The bottom line is that each county and city in Kentucky has a different planning and zoning commission which develops plans and zoning ordinances in accordance with land use issues they feel need to be addressed. Even if your property and activities meet the definition of agricultural use at the state level, you are subject to local planning and zoning ordinances. The local planning and zoning commission determines agricultural use exemptions based on their ordinances, and most typically deal with building/construction regulations.

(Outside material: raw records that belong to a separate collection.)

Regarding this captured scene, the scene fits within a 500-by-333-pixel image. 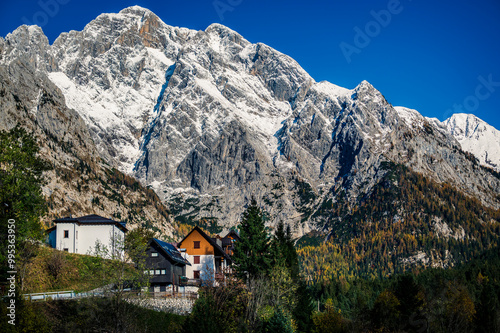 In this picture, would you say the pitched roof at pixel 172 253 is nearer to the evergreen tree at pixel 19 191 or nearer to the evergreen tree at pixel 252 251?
the evergreen tree at pixel 252 251

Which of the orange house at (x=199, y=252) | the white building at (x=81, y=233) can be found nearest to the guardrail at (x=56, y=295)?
the orange house at (x=199, y=252)

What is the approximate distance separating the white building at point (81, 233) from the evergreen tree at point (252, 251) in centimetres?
3251

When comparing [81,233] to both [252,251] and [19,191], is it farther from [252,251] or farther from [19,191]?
[19,191]

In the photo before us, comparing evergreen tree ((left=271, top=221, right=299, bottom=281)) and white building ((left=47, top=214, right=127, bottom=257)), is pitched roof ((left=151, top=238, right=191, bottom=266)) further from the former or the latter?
evergreen tree ((left=271, top=221, right=299, bottom=281))

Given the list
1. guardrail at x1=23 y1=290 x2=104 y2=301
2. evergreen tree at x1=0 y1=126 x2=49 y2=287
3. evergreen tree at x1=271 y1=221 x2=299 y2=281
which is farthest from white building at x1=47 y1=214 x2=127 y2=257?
evergreen tree at x1=0 y1=126 x2=49 y2=287

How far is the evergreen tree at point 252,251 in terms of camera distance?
196 ft

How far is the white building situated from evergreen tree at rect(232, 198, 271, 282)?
32.5m

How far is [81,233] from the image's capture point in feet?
289

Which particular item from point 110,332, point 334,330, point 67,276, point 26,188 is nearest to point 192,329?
point 110,332

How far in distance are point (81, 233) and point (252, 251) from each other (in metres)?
40.9

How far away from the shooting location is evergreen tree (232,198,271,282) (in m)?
59.6

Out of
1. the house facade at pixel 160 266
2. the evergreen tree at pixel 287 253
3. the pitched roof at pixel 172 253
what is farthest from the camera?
the pitched roof at pixel 172 253

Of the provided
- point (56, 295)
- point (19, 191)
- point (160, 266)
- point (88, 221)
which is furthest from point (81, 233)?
point (19, 191)

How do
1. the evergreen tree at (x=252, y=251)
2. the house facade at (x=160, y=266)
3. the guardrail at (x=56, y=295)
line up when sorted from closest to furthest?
the guardrail at (x=56, y=295) < the evergreen tree at (x=252, y=251) < the house facade at (x=160, y=266) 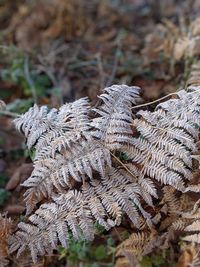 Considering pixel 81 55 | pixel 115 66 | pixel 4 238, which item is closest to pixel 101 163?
pixel 4 238

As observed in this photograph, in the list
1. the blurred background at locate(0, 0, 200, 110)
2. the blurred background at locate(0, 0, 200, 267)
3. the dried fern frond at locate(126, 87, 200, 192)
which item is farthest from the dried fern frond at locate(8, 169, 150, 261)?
the blurred background at locate(0, 0, 200, 110)

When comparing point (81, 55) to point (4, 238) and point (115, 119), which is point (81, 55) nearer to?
point (115, 119)

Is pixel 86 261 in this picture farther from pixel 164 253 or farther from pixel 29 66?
pixel 29 66

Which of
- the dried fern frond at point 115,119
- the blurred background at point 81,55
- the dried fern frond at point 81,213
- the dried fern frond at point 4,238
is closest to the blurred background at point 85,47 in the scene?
the blurred background at point 81,55

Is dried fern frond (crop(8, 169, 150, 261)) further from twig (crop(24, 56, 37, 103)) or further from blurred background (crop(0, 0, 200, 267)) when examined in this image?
twig (crop(24, 56, 37, 103))

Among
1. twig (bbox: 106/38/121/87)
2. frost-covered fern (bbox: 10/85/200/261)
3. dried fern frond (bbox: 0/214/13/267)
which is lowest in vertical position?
dried fern frond (bbox: 0/214/13/267) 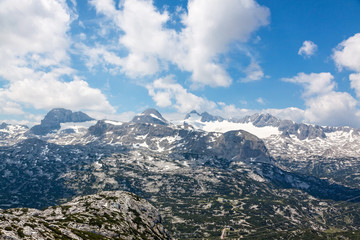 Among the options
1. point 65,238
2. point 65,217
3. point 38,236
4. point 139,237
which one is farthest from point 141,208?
point 38,236

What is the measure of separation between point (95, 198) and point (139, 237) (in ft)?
203

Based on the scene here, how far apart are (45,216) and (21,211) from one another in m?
13.5

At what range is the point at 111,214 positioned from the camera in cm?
16525

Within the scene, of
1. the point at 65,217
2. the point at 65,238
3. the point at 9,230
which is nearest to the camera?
the point at 9,230

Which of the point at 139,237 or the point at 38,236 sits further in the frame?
the point at 139,237

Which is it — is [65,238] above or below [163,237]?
above

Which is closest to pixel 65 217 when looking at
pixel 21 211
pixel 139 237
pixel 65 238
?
pixel 21 211

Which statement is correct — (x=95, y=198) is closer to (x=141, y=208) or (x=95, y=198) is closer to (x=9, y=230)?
(x=141, y=208)

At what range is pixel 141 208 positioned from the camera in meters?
197

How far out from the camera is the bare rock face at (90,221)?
8756cm

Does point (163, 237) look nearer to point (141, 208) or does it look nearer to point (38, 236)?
point (141, 208)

All owners of agricultural land should be aware of the state statutes and administrative regulations as well as the county and city ordinances and zoning regulations that could impact the way they operate their farm. National, state, and local regulations that might affect you include:
- Minimum acreage required for agricultural use (remember as you consider purchasing property that zoning is definitely not a one-size-fits-all recipe. Property sizes vary from one end of the state to the other, which can partially account for some local zoning differences);
- Manure disposal;
- Fencing requirements/limitations;
- Structural requirements;
- Building regulations;
- Light pollution (a significant concern for neighbors and many counties and cities have regulations about wattage, light height, and location);
- Odor nuisance;
- Noise nuisance;
- Carcass disposal;
- Waste water management; and
- Animal welfare statutes (some counties have local ordinances that are more stringent than the state statutes).
Who Can Help Sort It Out? Your local county clerk should be able to provide you information about local ordinances. Your County Extension Agricultural Agent should also have general knowledge of your area's agricultural statutes and zoning regulations.
What Can You Do? Before you purchase property or prepare for a building project, carefully evaluate the local county and city ordinances that might impact how you use the land and where and what you can build. Follow the zoning laws and guidelines established in your area. If there is an ordinance that doesn't seem to work well, talk to the planning and zoning commission about possible interpretations and solutions.
Get involved with the county or city planning and zoning commission/board. Let them know that you have an interest in working together to develop zoning ordinances that support responsible agricultural use. Attend planning and zoning meetings to understand how the system works and get to know members of the planning and zoning board.
Make sure you know which zoning ordinances could potentially impact your farm and farm activities. Ensure those activities at your farm that might be subject to additional zoning requirements are handled properly and well in advance. Grow your knowledge of zoning regulations today and you will be better protected and informed tomorrow.
Article reprinted with permission from the Kentucky Horse Council.